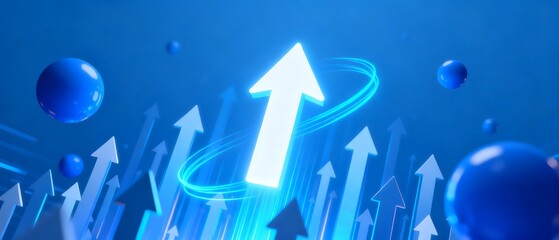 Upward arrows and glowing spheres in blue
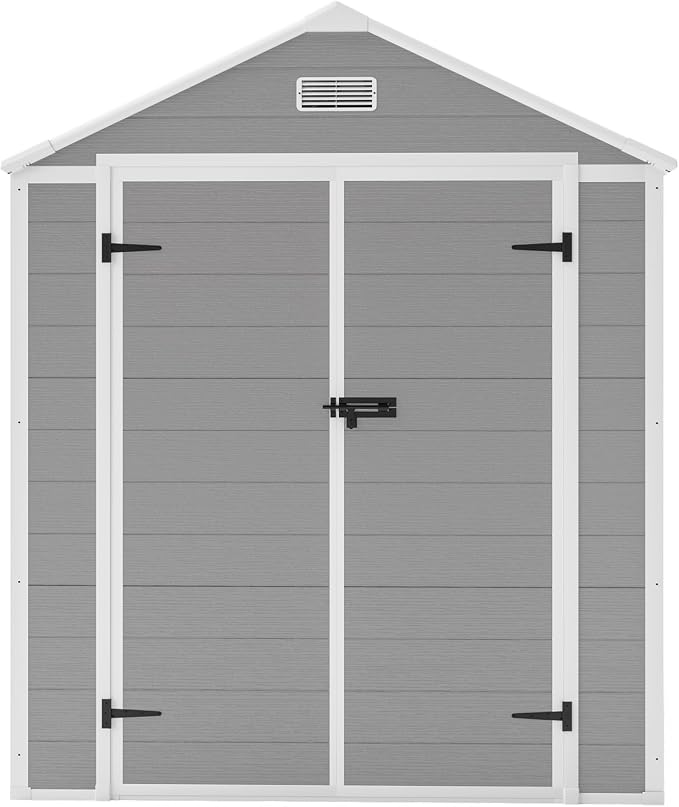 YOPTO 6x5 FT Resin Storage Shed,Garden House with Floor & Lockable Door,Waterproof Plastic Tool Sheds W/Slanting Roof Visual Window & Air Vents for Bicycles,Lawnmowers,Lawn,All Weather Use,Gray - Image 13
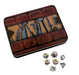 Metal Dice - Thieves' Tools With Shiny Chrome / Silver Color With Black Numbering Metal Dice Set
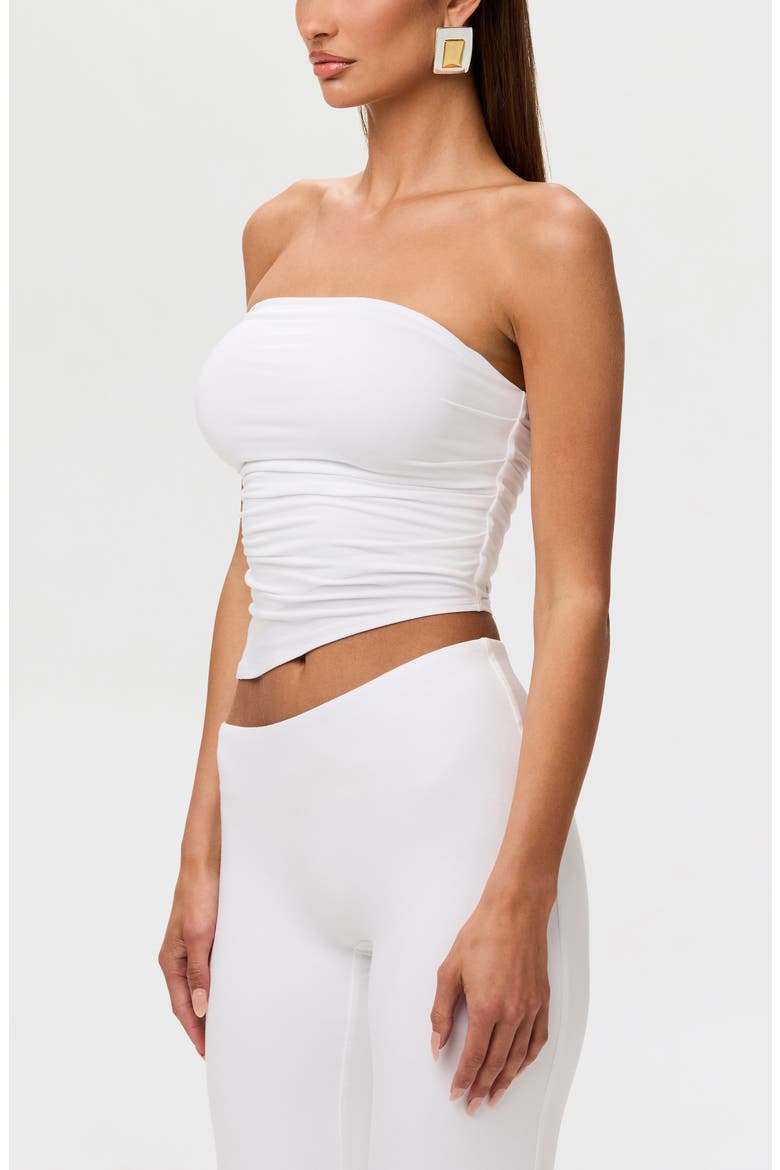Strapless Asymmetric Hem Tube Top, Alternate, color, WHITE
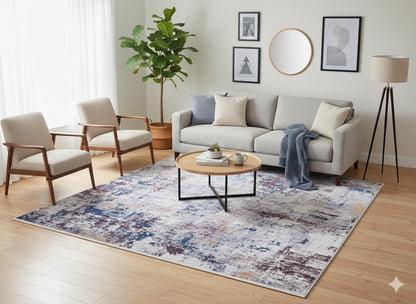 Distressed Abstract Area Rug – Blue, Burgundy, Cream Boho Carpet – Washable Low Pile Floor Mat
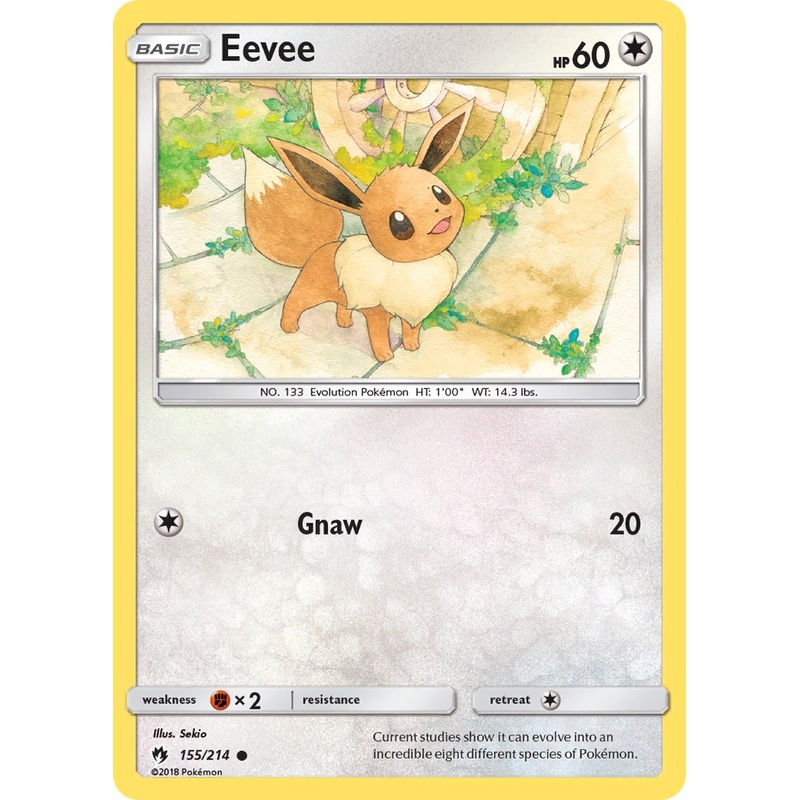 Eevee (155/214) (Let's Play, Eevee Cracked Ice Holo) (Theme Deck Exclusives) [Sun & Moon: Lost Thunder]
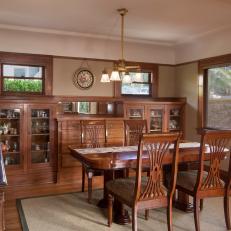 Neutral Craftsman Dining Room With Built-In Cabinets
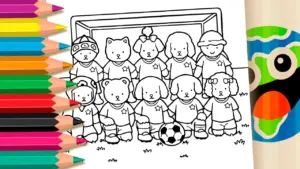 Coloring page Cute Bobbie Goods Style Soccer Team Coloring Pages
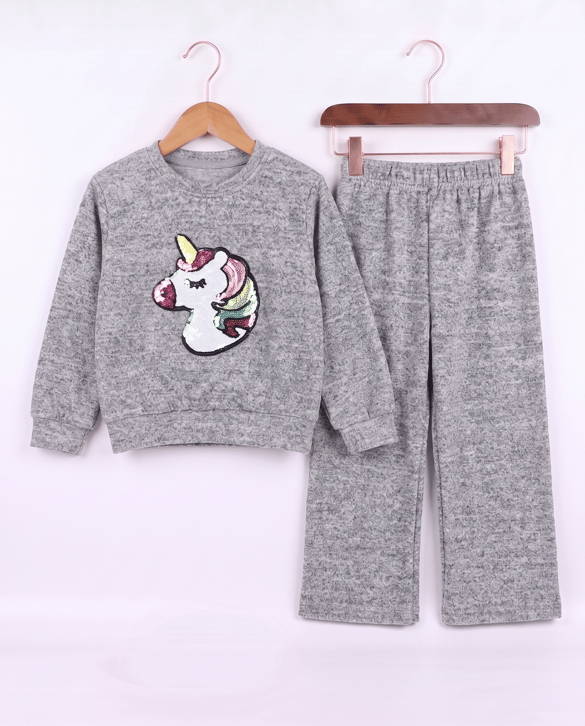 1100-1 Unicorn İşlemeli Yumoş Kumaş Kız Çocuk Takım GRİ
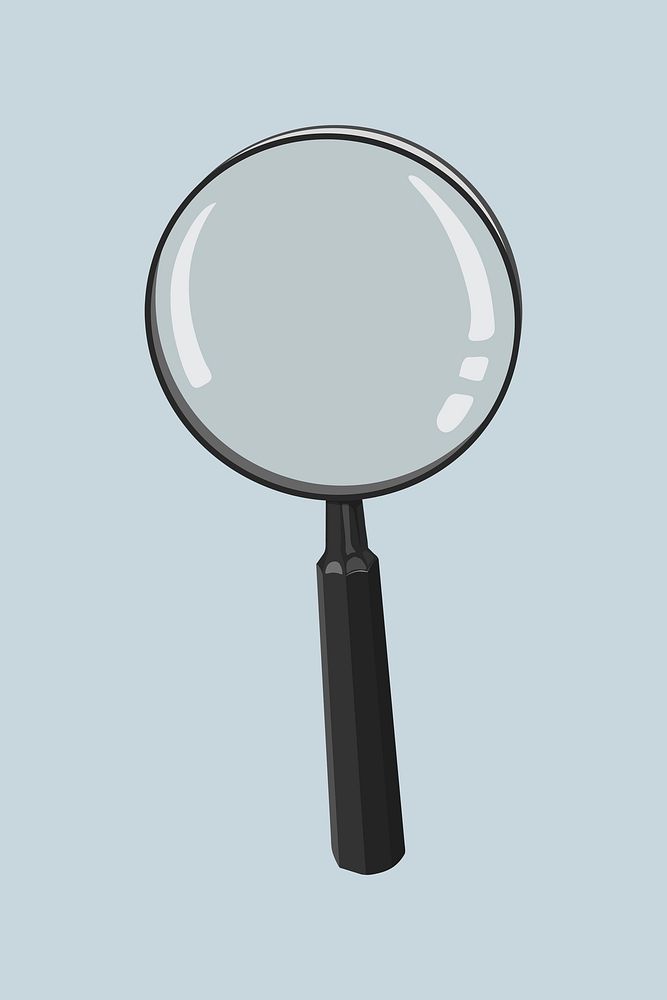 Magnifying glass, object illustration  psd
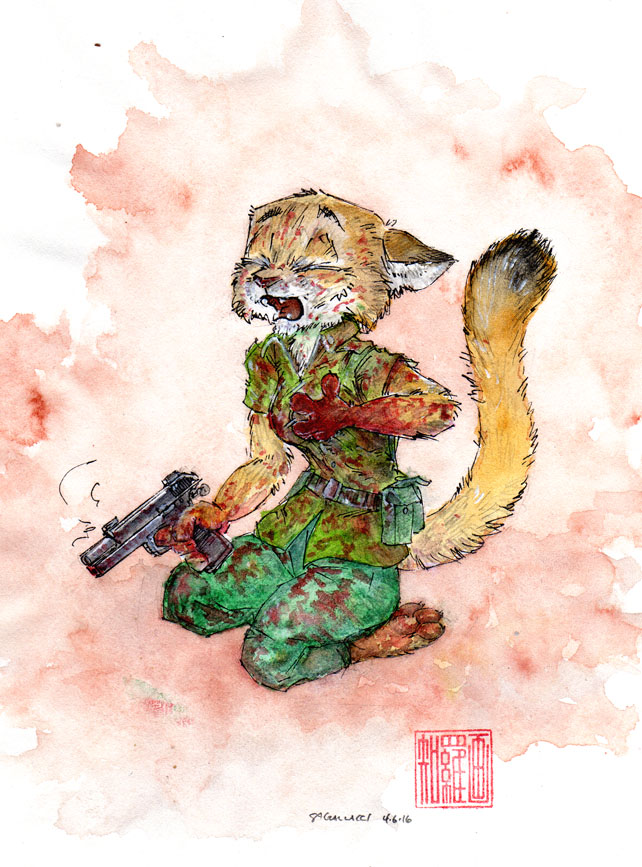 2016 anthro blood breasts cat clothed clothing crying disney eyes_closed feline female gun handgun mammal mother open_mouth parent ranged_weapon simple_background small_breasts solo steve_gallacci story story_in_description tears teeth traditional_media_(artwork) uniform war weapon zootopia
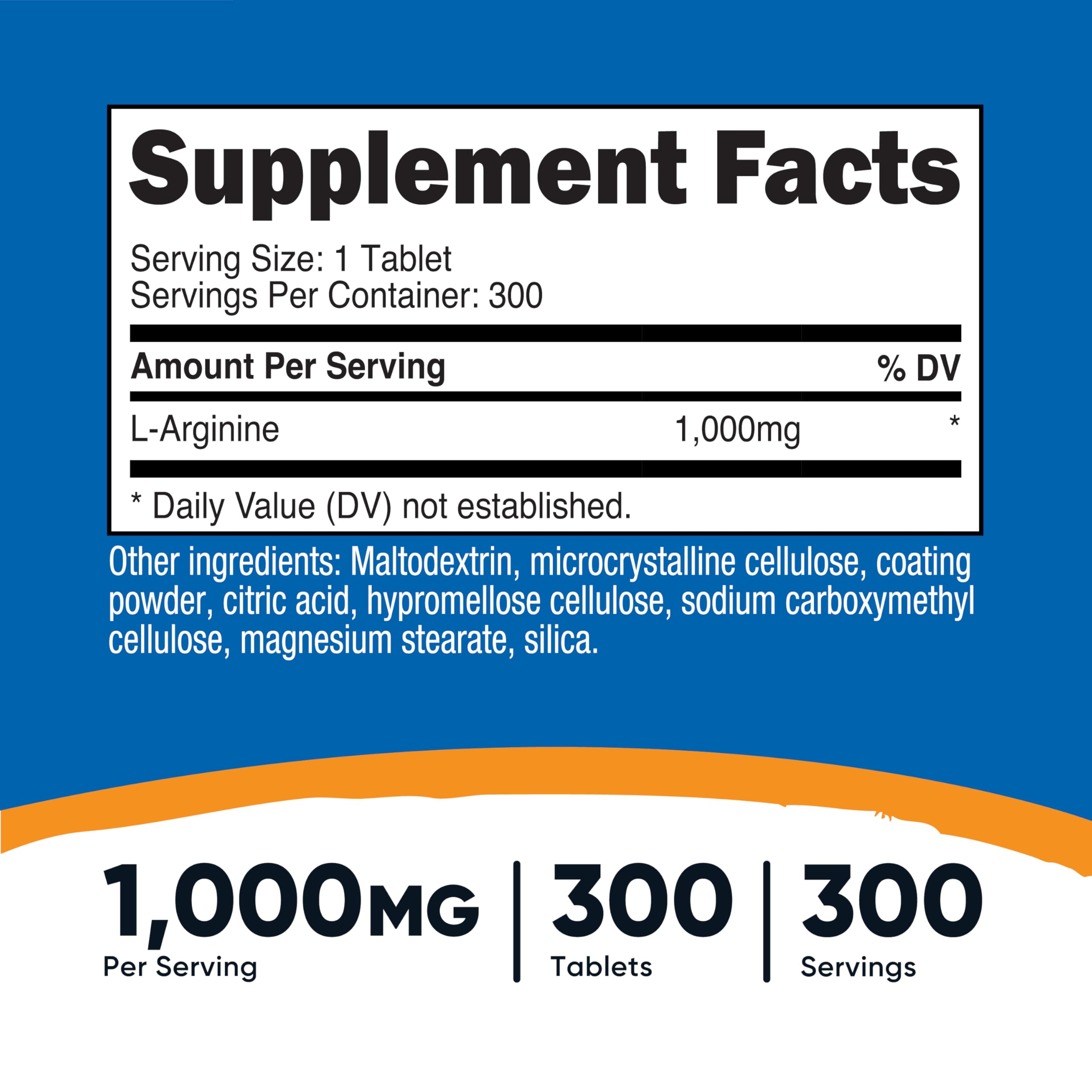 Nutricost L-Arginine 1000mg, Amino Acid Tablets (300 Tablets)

What needs to be done ->
In your copy, the listing above should appear word for word, with no images.

Answer section ->
 Upward arrows and glowing spheres in blue
 YOPTO 6x5 FT Resin Storage Shed,Garden House with Floor & Lockable Door,Waterproof Plastic Tool Sheds W/Slanting Roof Visual Window & Air Vents for Bicycles,Lawnmowers,Lawn,All Weather Use,Gray - Image 13
 Metal Dice - Thieves' Tools With Shiny Chrome / Silver Color With Black Numbering Metal Dice Set
Strapless Asymmetric Hem Tube Top, Alternate, color, WHITE
 Distressed Abstract Area Rug – Blue, Burgundy, Cream Boho Carpet – Washable Low Pile Floor Mat
 Eevee (155/214) (Let's Play, Eevee Cracked Ice Holo) (Theme Deck Exclusives) [Sun & Moon: Lost Thunder]
 Neutral Craftsman Dining Room With Built-In Cabinets
 Coloring page Cute Bobbie Goods Style Soccer Team Coloring Pages
 1100-1 Unicorn İşlemeli Yumoş Kumaş Kız Çocuk Takım GRİ
 Magnifying glass, object illustration  psd
 2016 anthro blood breasts cat clothed clothing crying disney eyes_closed feline female gun handgun mammal mother open_mouth parent ranged_weapon simple_background small_breasts solo steve_gallacci story story_in_description tears teeth traditional_media_(artwork) uniform war weapon zootopia
 Nutricost L-Arginine 1000mg, Amino Acid Tablets (300 Tablets)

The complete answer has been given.